This film is a first step in developing a longer film and a method to re-use audio material gathered during fieldwork research on women's romantic/sex tourism in a new format of documentary film. In 2001-3 I carried out a series of interviews with women and men in the tourist resorts of the Sinai, Egypt about their romantic and sexual relationships. This research was published as 'Sex, tourism and the postcolonial encounter: Landscapes of longing in Egypt' (Ashgate 2010).
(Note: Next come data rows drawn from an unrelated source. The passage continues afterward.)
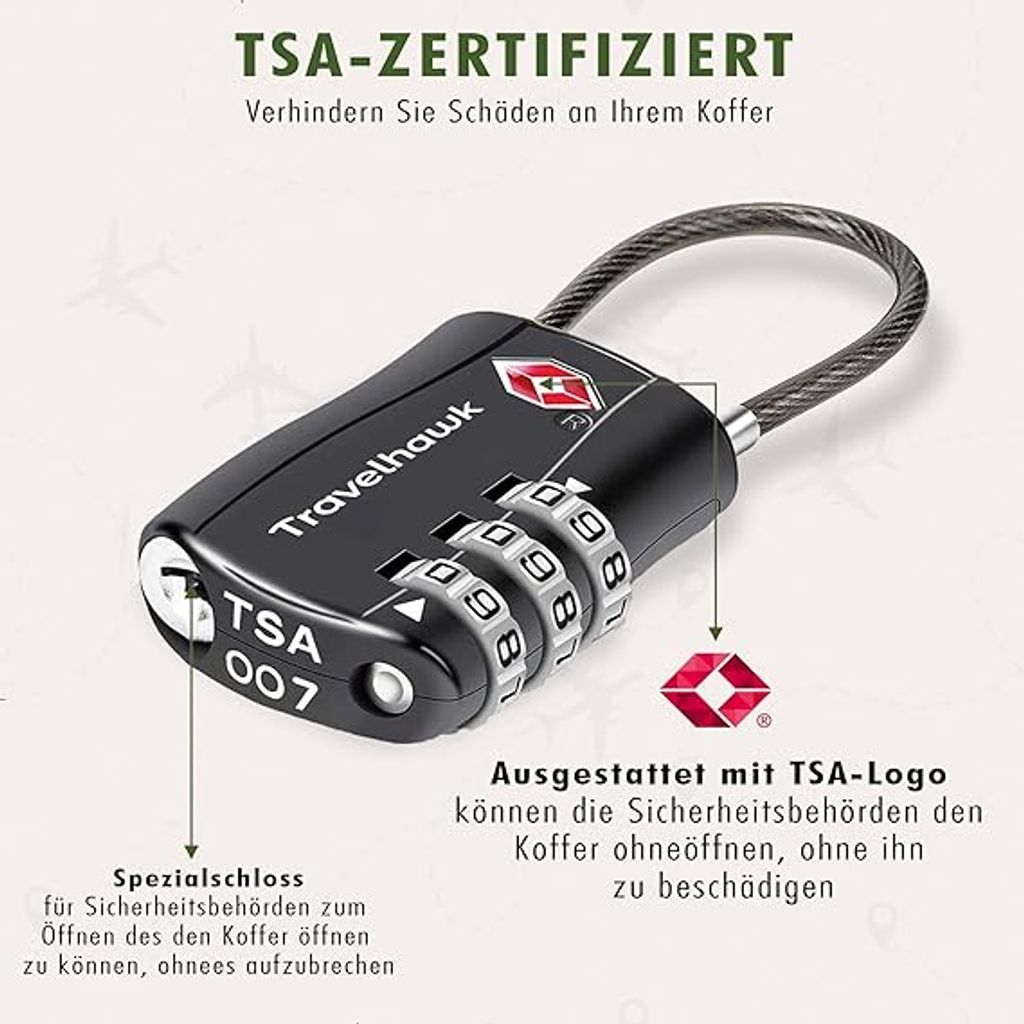 TravelHawk Koffer Zahlenschloss - 2 Stück - TSA Schloss mit Produktbild 7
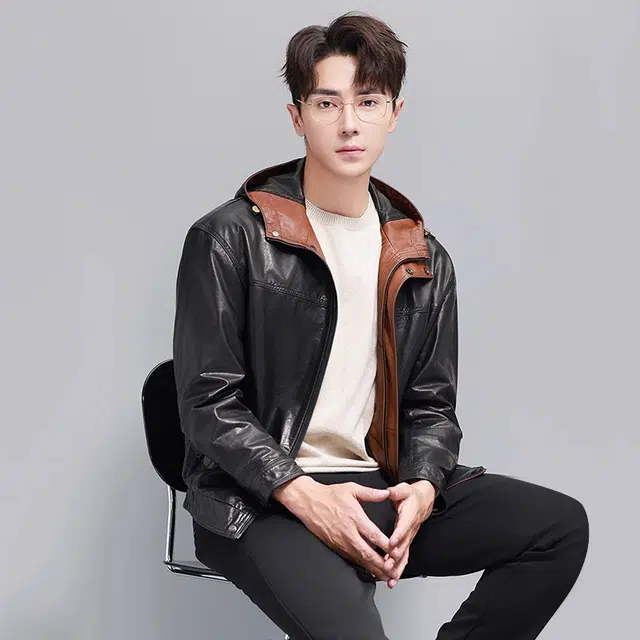 比利斯山羊 时尚简约连帽油蜡牛皮真皮皮衣 男女同款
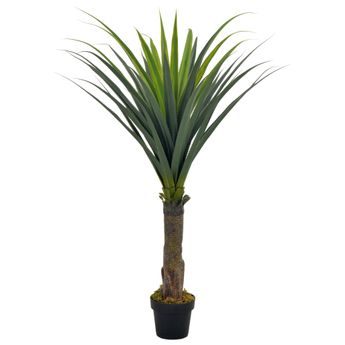 vidaXL Artificial Plant Yucca Tree with Pot Green 145 cm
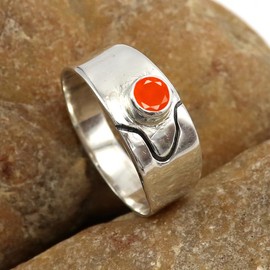 Karneol Edelstein Bandring 925 Sterling Silber Bandring Herren und Damen Bandring Alle Größen Schmuck CRG1081AF15_(61 (19.4))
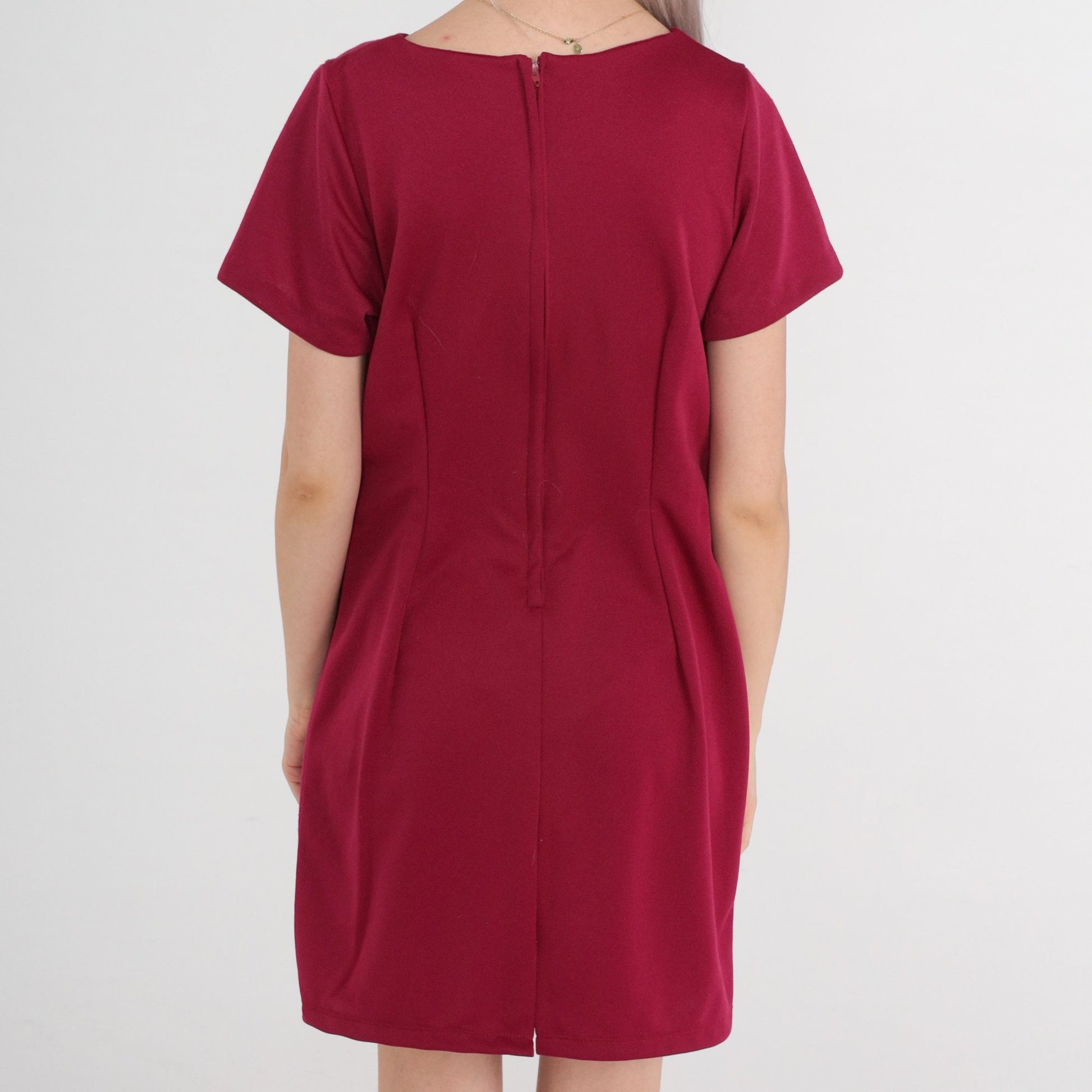 70s Raspberry Shift Dress Mini Length Short Sleeve Medium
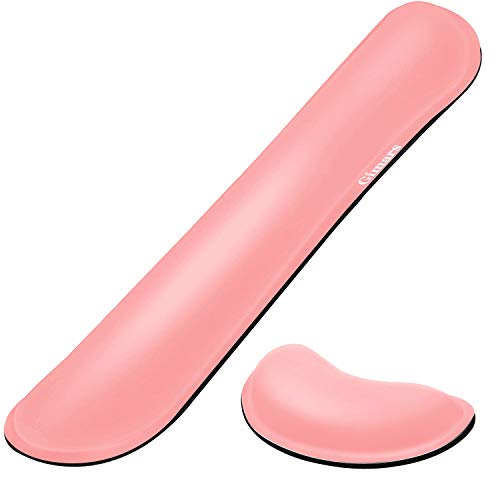 Gimars Upgrade Cleanable PU Leather Keyboard Wrist Pillow Rest Pad, Enlarge Mouse Wrist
It seems very apt to use film when doing research on geographical relationships in tourism. After all, as Said and the whole canon of postcolonial studies have noted, the power relations between the global North and South are played out through imagery (and writing) and nowhere is this more the case than in tourism where the landscapes and people of the South are reconfigured into aesthetic scenes for our sensual pleasure. So can these painful and damaging power imbalances also be upset and reworked through the use of images?

If so how do you achieve this and visually represent the process of gendered and racial othering through imagery using film? Most men and women in these relationships wanted to remain anonymous and in any case filming them directly would leave them vulnerable to being stereotyped themselves as if they were being offered up to their audience as televisual voyeurism.

So instead in this test short, I separated the audio from visual. Using the audio interviews as the soundtrack for the film, the visuals could do other work. Instead of sundrenched palm trees and beaches the film shows the landscape where European women come from not the landscapes they long for. In this way we can begin to understand how women's 'sex tourism' is about so much more than sex. This is a short experimental trailer for a longer version of the film.